When a month is used with a specific date, abbreviate Jan., Feb., Aug., Sept., Oct., Nov., and Dec. Spell out in running text when using alone or with the year alone. When a phrase contains a month and year alone, do not use commas. When a month, day, and year are included, separate the year with commas. Examples: School begins Sept. 5. He was born July 7, 1961, in Illinois. The demonstration began Thursday, Nov. 14. The grant ends in February 2014. Do not use the endings -st, -nd, -rd, or -th or any superscript on dates. Do not use of between a month and year: June 2012 (not June of 2012).

Times

For times, use figures in running text, except for noon or midnight: The course meets from 10:30 a.m. to noon. (However, in course catalogs, schedules, and tabular materials, 12 a.m. or12:00 a.m. may be used instead of midnight, and 12 p.m. or 12:00 p.m. may be used instead of noon.) Lowercase a.m. and p.m., separate from the figure with a space, and set off with periods:11 p.m., 12:45 p.m., 10 a.m.

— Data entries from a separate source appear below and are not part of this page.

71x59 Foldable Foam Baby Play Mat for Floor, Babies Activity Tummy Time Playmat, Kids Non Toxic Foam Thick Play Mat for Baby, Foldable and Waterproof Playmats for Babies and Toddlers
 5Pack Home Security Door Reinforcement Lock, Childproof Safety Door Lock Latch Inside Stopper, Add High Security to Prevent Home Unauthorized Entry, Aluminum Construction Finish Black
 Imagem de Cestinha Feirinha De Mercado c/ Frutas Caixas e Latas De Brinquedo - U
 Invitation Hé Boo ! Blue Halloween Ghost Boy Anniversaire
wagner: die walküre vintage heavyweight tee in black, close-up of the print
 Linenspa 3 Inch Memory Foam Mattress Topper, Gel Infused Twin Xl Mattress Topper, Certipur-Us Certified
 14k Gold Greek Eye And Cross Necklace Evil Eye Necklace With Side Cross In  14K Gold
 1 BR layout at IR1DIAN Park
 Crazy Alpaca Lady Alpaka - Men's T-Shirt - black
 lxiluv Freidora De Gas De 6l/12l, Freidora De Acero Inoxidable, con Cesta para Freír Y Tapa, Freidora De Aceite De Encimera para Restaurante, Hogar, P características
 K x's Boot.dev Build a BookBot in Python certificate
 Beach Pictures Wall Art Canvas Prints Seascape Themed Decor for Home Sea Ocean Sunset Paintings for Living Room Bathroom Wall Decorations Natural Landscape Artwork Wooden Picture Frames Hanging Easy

Avoid redundancies such as 10:30 a.m. Tuesday morning, 7 p.m. tonight, 12 noon, 12 midnight. In tabular material, be consistent when designating minutes, even if the time falls on the hour: 2:30–4:00 p.m. (Note the use of the en dash in the preceding example.) In other uses, minutes are not needed if the time falls on the hour: The reception will be held in the Neuberger Museum Study from 4:30 to 6 p.m.

Date and Time Ranges

When giving date or time ranges in running text, spell out the words from, to, and between: She attended college from 1986 to 1990. In other uses, use the en dash: the 2012–13 academic year. For the sake of parallel construction, the word to—never the en dash—should be used if the word from precedes the first element in such a pair: She attended college from 1998 to 2002 (not from 1998–2002). Similarly, the word and—never the en dash—should be used if the word between precedes the first element: They met between 10 a.m. and 5 p.m. (not between 10 a.m.–5 p.m.).

Decades

For decades, use either all four figures (the 1990s) with no apostrophe before the “s” or, if the meaning is clear in the context, the last two figures with an apostrophe to indicate the missing figures (the ’90s). When used in a compound form, use all four figures for clarity: the mid-1980s.

Centuries and Eras

For centuries, spell out first through ninth, use figures for 10th and above: photography’s first century; 20th-century art history. Do not use superscript on the word endings -nd, -rd, -st, and -th. 

Added 11/16/17: Era designations are usually expressed in one of two ways: either CE (“of the Common Era”) and BCE (“before the Common Era”), or AD (anno Domini, “in the year of the Lord”) and BC (“before Christ”). Use full capital letters with no periods. This is Chicago Manual style and an exception to current AP style, which uses A.D. and B.C. with periods.